SCale Down Quarterly Update – Summer 2016


SCale Down Quarterly Update

Scale Down teams and workgroups are continuing their focused efforts to achieve the SC Obesity Action Plan objectives so that the healthy choice is the easy choice for all South Carolinians. As work continues to advance the 74 objectives of the plan, progress is being realized, not only through statewide efforts, but also as the objectives are translated into action and activities in local communities. Much appreciation goes to all of the stakeholders who are working to support the policy, systems and environmental approaches needed to turn the tide on obesity in our state.

Highlights of Key Efforts in Obesity

Open Community Use

There are many reasons to be physically active. We may engage in physical activity to improve our health, to connect with friends, to relieve stress or to have fun. In order to be active, South Carolinians need spaces and places that are safe, affordable and convenient.

Unfortunately, many South Carolina communities lack affordable and safe recreational facilities. Schools have a rich opportunity to fill that void. Local schools have a variety of outdoor recreational facilities—playgrounds, fields, courts and tracks—where people can engage in physical activity. Being intentional about making schools’ outdoor recreational facilities available for communities to use is an effective, affordable way to promote and support physical activity among all local residents. The South Carolina School Boards Association (SCSBA) and the South Carolina Department of Health and Environmental Control (SC DHEC) are in full support of schools and school districts allowing communities free access to their outdoor recreational facilities. SCSBA published an open community use model policy in the 2014 Policy and Legislative Update. The association also encourages all school districts to adopt and implement the model policy and open the schools’ outdoor facilities for community members to use and enjoy.

To better understand the current status of open community use, SC DHEC assessed and published The Status of Open Community Use in South Carolina 2015. In addition, SC DHEC and Eat Smart Move More South Carolina have partnered to develop an open community use playbook, Breaking Physical Activity Barriers Through Open Community Use, which provides guidance to school administrators, teachers and community members interested in adopting and implementing open community use as a strategy to increase physical activity and promote healthy lifestyles. The goal is to increase the number of school districts that adopt the SCSBA’s model policy, which in turn will increase the number of schools practicing and promoting open community use.
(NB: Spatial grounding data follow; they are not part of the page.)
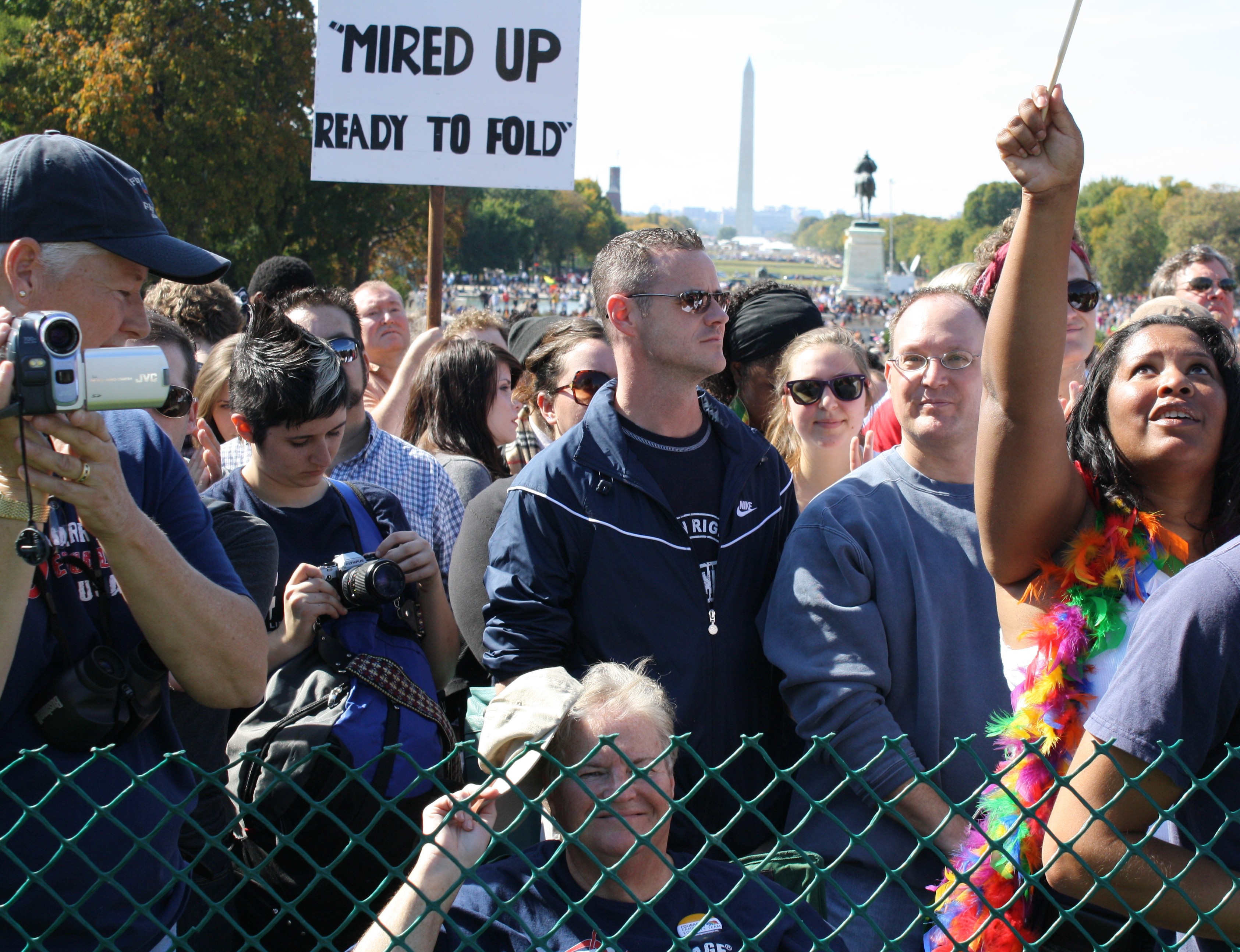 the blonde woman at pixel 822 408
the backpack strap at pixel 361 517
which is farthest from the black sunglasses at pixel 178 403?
the blonde woman at pixel 822 408

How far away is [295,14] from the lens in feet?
74.9

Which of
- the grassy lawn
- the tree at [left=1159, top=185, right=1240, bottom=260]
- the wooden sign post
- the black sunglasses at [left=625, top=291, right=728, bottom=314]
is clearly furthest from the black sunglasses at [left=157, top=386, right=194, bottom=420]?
the grassy lawn

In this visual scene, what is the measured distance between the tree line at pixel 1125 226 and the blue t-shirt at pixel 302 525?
132ft

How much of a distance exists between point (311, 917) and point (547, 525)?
1012mm

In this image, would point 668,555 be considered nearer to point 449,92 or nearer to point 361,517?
point 361,517

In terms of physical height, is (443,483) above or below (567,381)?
below

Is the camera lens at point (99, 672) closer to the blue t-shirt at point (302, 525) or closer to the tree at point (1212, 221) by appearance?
the blue t-shirt at point (302, 525)

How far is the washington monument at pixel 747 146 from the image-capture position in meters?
117

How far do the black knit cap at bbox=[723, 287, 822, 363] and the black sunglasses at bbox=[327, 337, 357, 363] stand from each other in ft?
4.29

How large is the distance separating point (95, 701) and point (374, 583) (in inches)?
32.9

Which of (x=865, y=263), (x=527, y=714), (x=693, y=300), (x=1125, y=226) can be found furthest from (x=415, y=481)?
(x=1125, y=226)

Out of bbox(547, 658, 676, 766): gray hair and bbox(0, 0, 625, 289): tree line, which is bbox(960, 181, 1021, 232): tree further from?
bbox(547, 658, 676, 766): gray hair

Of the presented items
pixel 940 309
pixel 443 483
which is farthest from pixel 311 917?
pixel 940 309

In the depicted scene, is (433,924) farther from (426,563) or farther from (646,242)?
(646,242) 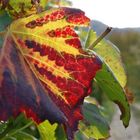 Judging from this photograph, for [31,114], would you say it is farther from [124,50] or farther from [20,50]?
[124,50]

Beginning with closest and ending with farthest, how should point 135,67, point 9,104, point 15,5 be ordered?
1. point 9,104
2. point 15,5
3. point 135,67

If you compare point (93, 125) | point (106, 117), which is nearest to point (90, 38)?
point (93, 125)

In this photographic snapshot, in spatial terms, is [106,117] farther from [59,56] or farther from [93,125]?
[59,56]

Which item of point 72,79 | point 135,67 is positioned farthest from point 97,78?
point 135,67

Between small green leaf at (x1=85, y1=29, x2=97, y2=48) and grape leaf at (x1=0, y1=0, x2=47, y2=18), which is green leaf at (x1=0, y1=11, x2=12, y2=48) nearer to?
grape leaf at (x1=0, y1=0, x2=47, y2=18)

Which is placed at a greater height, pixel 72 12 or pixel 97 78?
pixel 72 12

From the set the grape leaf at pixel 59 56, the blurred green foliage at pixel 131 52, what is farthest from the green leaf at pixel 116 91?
the blurred green foliage at pixel 131 52

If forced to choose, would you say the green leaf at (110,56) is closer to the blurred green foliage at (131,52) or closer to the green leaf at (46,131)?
the green leaf at (46,131) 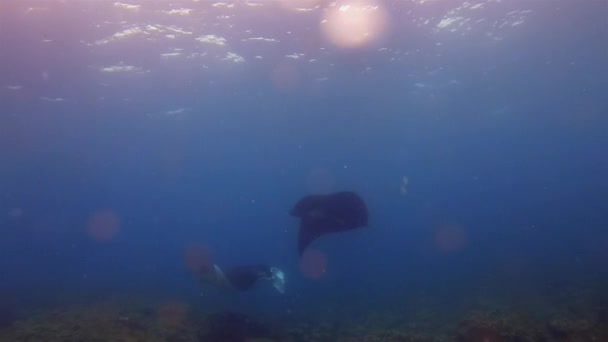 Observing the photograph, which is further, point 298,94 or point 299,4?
point 298,94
You can find schools in your area that are open for community use at If your local school isn’t listed, contact the principal to find out if the school’s recreational facilities are open to the public.

For more information about statewide efforts to support open community use, please contact Emily Pineda, Healthy Eating/Active Living (HEAL) Special Projects Coordinator, Division of Nutrition, Physical Activity, and Obesity, SC DHEC at

Spotlight: McLeod Child Development Center

Child care settings are ideal locations to improve eating habits, increase physical activity and educate young children about how to make healthier lifestyle choices. By implementing policy, system and environmental changes in the child care setting, we can help children establish healthy behaviors at a very early age. The McLeod Child Development Center in Florence, SC serves as a model for embracing new and innovative opportunities that encourage lifelong learning and support the development of healthy habits.
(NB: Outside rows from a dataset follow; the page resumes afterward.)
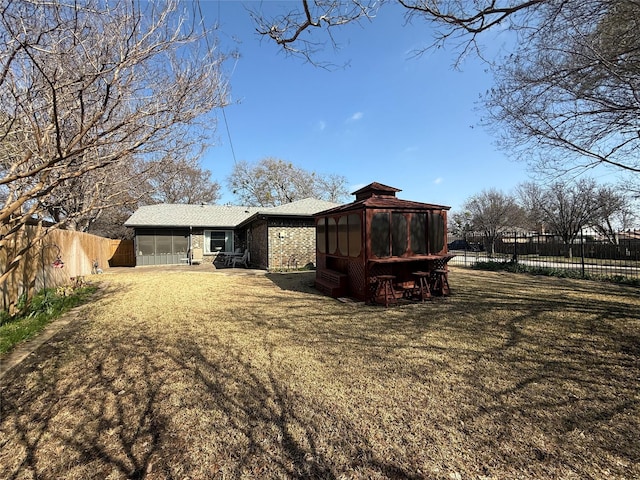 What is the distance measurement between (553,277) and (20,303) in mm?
15418

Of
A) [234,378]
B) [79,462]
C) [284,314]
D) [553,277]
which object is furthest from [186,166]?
[553,277]

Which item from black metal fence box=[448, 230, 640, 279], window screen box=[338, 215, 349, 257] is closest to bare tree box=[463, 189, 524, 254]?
black metal fence box=[448, 230, 640, 279]

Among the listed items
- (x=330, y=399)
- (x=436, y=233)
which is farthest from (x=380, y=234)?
(x=330, y=399)

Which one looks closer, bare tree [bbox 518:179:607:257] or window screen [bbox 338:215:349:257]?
window screen [bbox 338:215:349:257]

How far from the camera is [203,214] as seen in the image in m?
19.2

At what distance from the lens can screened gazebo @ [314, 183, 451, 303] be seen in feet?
22.7

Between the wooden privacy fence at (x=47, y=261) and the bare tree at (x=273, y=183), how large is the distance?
20.5m

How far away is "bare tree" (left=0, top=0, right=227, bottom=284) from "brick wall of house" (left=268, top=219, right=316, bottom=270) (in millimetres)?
9028

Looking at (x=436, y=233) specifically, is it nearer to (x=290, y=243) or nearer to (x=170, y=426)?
(x=170, y=426)

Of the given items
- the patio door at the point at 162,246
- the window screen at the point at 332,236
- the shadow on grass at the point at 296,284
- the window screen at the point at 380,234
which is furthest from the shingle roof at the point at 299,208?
the window screen at the point at 380,234

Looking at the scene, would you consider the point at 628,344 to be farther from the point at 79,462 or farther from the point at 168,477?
the point at 79,462

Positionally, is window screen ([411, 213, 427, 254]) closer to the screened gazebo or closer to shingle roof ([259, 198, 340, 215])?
the screened gazebo

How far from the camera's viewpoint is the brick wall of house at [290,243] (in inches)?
540

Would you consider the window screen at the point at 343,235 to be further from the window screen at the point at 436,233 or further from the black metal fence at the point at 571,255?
the black metal fence at the point at 571,255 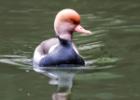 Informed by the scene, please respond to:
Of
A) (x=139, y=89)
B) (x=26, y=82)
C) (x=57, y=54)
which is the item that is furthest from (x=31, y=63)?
(x=139, y=89)

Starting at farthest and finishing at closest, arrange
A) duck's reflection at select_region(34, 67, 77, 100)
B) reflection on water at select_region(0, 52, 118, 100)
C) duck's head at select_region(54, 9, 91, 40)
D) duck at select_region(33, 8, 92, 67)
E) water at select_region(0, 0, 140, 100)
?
duck's head at select_region(54, 9, 91, 40) < duck at select_region(33, 8, 92, 67) < reflection on water at select_region(0, 52, 118, 100) < water at select_region(0, 0, 140, 100) < duck's reflection at select_region(34, 67, 77, 100)

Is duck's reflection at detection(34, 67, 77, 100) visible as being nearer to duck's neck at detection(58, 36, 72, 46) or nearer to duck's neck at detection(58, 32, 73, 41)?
duck's neck at detection(58, 36, 72, 46)

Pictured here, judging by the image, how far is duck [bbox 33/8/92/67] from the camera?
489 inches

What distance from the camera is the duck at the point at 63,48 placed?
1241 centimetres

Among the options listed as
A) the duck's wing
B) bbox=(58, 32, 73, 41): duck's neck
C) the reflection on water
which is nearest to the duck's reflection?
the reflection on water

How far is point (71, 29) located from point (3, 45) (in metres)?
1.75

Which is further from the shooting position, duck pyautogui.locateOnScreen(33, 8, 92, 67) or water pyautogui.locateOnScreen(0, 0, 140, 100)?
duck pyautogui.locateOnScreen(33, 8, 92, 67)

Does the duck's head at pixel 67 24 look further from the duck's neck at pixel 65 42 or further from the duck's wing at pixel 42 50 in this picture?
the duck's wing at pixel 42 50

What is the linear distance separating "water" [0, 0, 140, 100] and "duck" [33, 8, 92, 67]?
266mm

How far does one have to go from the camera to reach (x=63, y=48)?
1253 centimetres

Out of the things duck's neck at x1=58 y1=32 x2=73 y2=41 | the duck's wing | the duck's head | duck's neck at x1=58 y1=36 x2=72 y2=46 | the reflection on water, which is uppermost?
the duck's head

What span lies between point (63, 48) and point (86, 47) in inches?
54.0

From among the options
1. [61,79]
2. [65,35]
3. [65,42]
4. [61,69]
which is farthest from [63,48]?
[61,79]

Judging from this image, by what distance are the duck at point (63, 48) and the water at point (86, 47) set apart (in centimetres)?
27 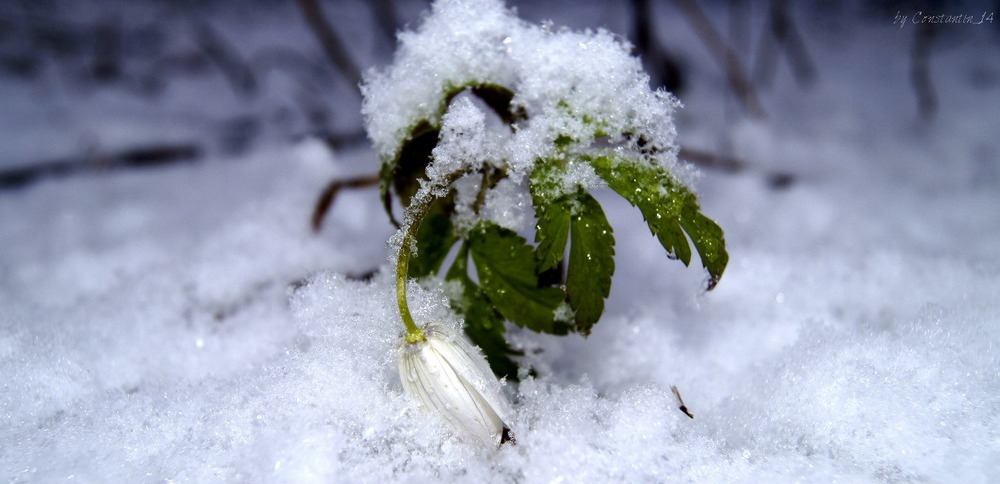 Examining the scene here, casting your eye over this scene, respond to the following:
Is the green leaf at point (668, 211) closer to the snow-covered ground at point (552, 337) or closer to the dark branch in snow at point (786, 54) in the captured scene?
the snow-covered ground at point (552, 337)

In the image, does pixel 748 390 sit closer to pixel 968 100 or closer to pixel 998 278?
pixel 998 278

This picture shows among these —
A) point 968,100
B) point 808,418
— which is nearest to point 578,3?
point 968,100

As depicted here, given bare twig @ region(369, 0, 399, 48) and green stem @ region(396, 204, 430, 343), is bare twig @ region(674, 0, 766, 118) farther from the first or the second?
green stem @ region(396, 204, 430, 343)

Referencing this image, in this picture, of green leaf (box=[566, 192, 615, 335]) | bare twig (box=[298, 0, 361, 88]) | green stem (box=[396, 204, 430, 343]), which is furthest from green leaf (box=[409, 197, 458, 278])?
bare twig (box=[298, 0, 361, 88])

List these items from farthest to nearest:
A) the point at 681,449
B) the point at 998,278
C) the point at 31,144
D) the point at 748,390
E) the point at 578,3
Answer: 1. the point at 578,3
2. the point at 31,144
3. the point at 998,278
4. the point at 748,390
5. the point at 681,449

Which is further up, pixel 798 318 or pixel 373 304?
pixel 798 318

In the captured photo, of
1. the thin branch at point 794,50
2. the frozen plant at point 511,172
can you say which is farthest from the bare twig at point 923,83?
the frozen plant at point 511,172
In 2015, McLeod Child Development Center was one of five Florence child care centers selected to participate in the Preventing Obesity by Design (POD) South Carolina pilot project.  This project was implemented through the collaborative work of SC DHEC, the South Carolina Department of Social Services ABC Quality Rating and Improvement System (ABC Quality), the USC Early Childhood Education Program and the North Carolina  State University College of Design Natural Learning Initiative. Each participating pilot site received training, design assistance and technical support to create an outdoor environment that encourages physical activity and healthy eating.


Landscape before participating in the Preventing Obesity by Design (POD) South Carolina pilot project. Photo provided by and used with permission from the McLeod Child Development Center.

From the beginning, McLeod Child Development Center embraced the pilot concepts and implemented many of the outdoor learning components in the center’s design plan. “The Preventing Obesity by Design plan is based on the research by Nilda Cosco and Robin Moore,” said Flicka McBratney, director of the McLeod Child Development Center. “The premise of this research is that if you design the space in a certain way children will move through the space actively without adult intervention.”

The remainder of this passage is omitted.